Aidan: diagnostics aren't an exact science, there's a margin of error
Aidan: last question
Aidan: do you worry about whether you're doing the right thing
Cassandra: Yes
Aidan: then you're probably not that bad
Cassandra: Take this as a hypothetical
Aidan: okay i'm ready for the hypothetical
Cassandra: Imagine a person had the ability to see the last time a person had sex
Aidan: LMAO
Aidan: okay imagining it
Aidan: so what's the question?
Cassandra: Wouldn't that kind of be an example of a person who is fundamentally bad?
Aidan: is the person with the ability using it on purpose?
Cassandra: No, the person can't control it
Aidan: so how is it their fault?
Aidan: not their fault, therefore not bad
Aidan: besides, seems pretty harmless and hilarious tbh
Cassandra: So you wouldn't mind being around a person who could see the most personal aspects of your life and not knowing about it?
Aidan: have you met most guys
Aidan: constantly bragging about the last time they had sex
Aidan: they might love it
Cassandra: But it means that person would be able to see which of those guys were lying
Aidan: so
Cassandra: So would you want to be around a person who could see everything about you like that without your permission?
Aidan: "everything about you" is a bit of an exaggeration, it's just sex
Cassandra: Well, answer the question
Cassandra: How would you feel about someone being able to see that about you?
Aidan: honestly?
Aidan: if it was someone i liked and trusted and wanted to be around anyway, then they would either, A, already know, or B, be the type of person i would tell that sort of thing to anyway
Aidan: and if not, then why do i care what they know or think?

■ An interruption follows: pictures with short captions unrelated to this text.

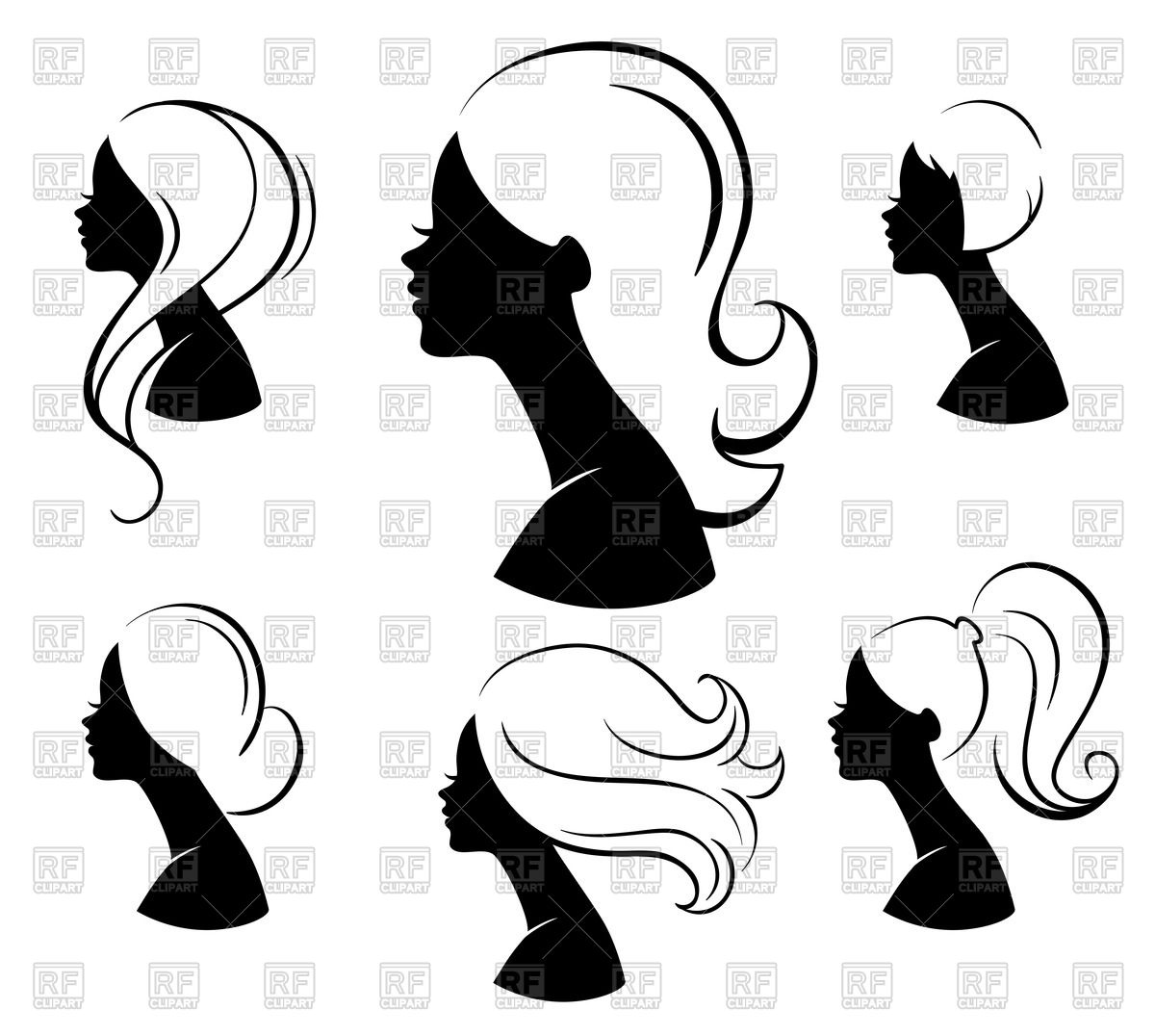 1200x1076 Silhouettes Of Women With Different Hairstyles Vector Image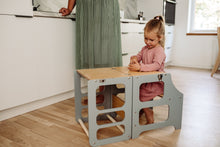 Last inn bildet i Galleri-visningsprogrammet, Montessori Kjøkkenhjelper 2 i 1 GREY barnestol + bord
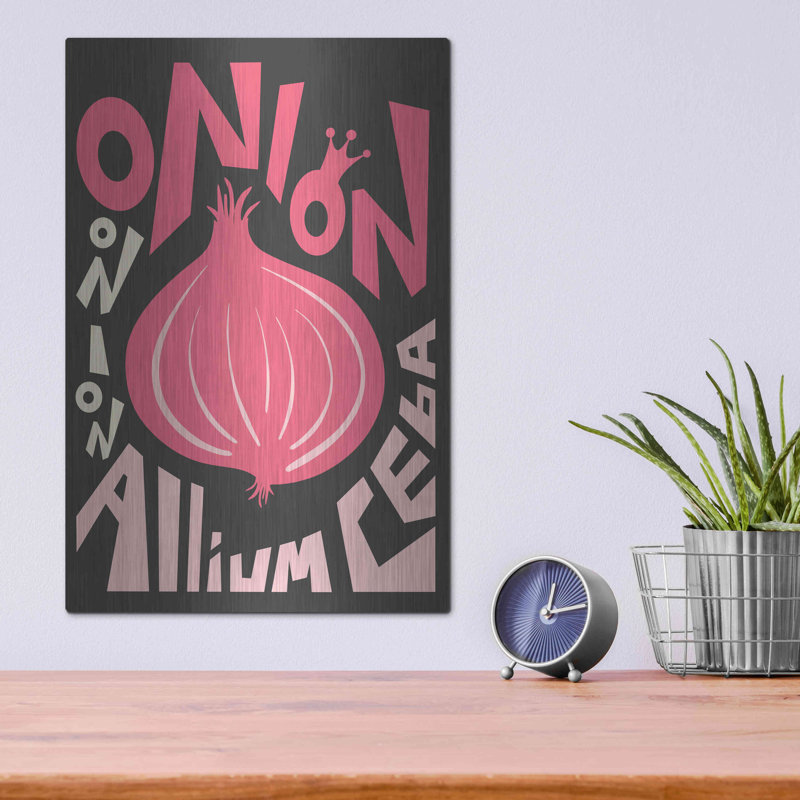 «Kitchen Onion» par Ayse, art mural en métal, H 16 po x l 12 po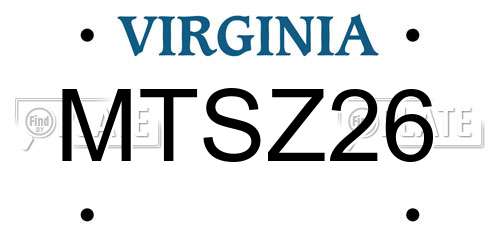 MTSZ26 Virginia License Plate
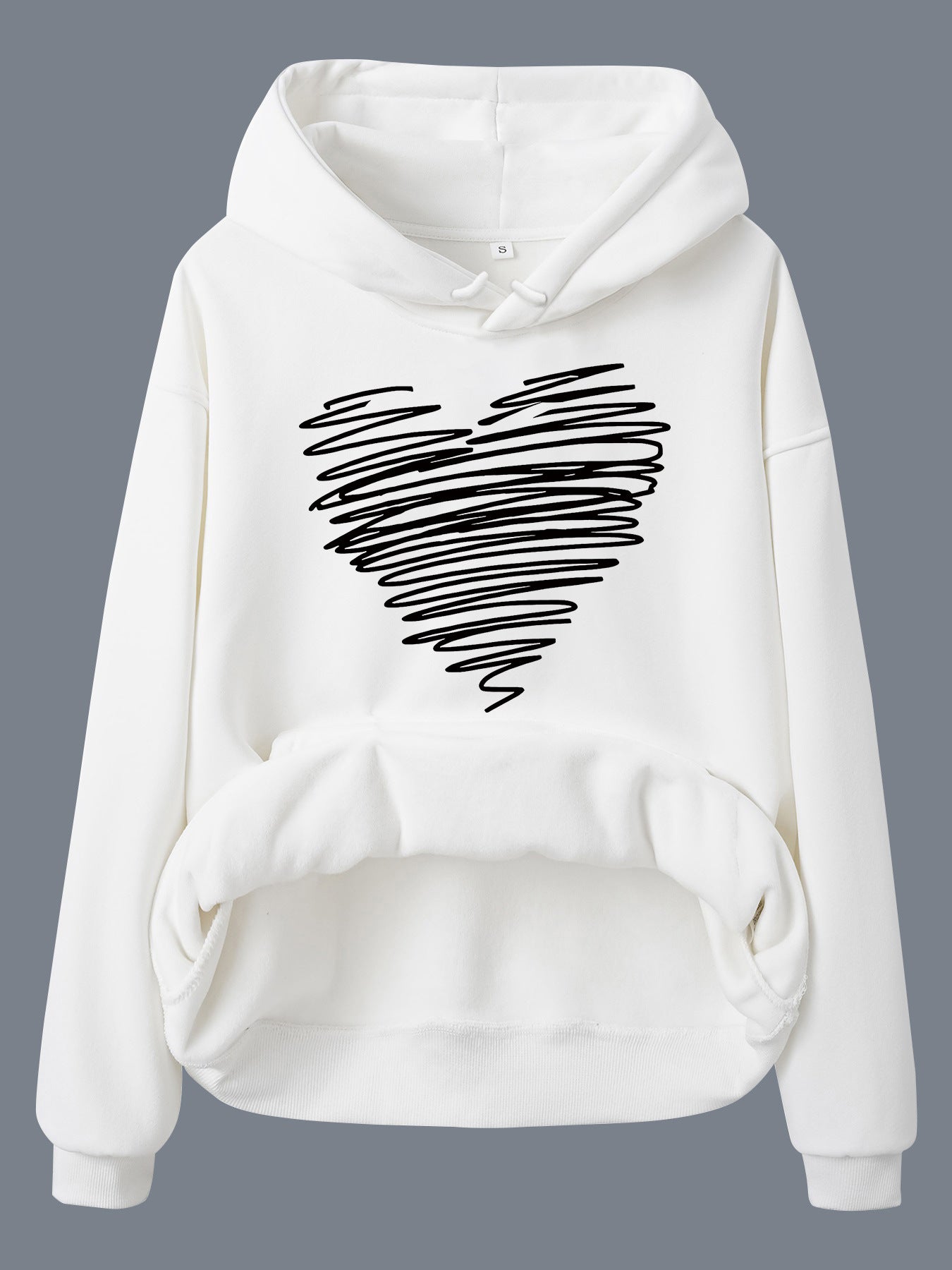 Hoodie with Heart-Shaped Pattern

Cassandra: I think most people aren't like that
Cassandra: I think most people, I don't even know how to say this, but
Cassandra: I think most people need to be seen a certain way
Cassandra: And taking that away from them, against their will, is like
Cassandra: Violent
Aidan: then, if your question is, who is bad in this scenario, the person seeing or the person being seen
Aidan: then i think it's the person being seen if they react in such an immature way
Aidan: here's an example
Aidan: say someone has a really bad pimple and i happen to see it, without even saying something
Aidan: am i bad for seeing something?
Aidan: i would only be bad if i changed my behavior or attitude towards the person, but just noticing it alone isn't bad
Aidan: but if the person with the pimple allows their own insecurity about me seeing their pimple to consume them, then they're bad
Aidan: not even in the sense of morally bad
Aidan: just bad at being a person
Aidan: bad at being alive
Cassandra: Before, you used "rape" as one of the criteria for being a bad person
Cassandra: But wouldn't this power be a little, at least, rape-adjacent?
Cassandra: It's like seeing through someone's clothes
Aidan: even by that logic, it's not by choice, right
Cassandra: Choosing to go outside, choosing to talk to people, choosing to not blind yourself, those are all choices, so not choosing those is a choice
Aidan: expecting a person to live in a cave or blind themselves because they have the worst superpower ever invented is more evil than any superpower could ever be
Aidan: is this the plot of some new show on hulu
Aidan: if so i'm canceling my subscription
Cassandra: No, just a weird story idea
Aidan: dystopian sci-fi novelist could be an interesting identity for you
Aidan: let me know if you want to keep worldbuilding
Cassandra: Will do
Cassandra: See you tomorrow
Aidan: good night
She put her phone next to her pillow and set her alarms for the next day. And, although she rarely remembered her dreams, that night she could recall all of them, down to the slightest detail.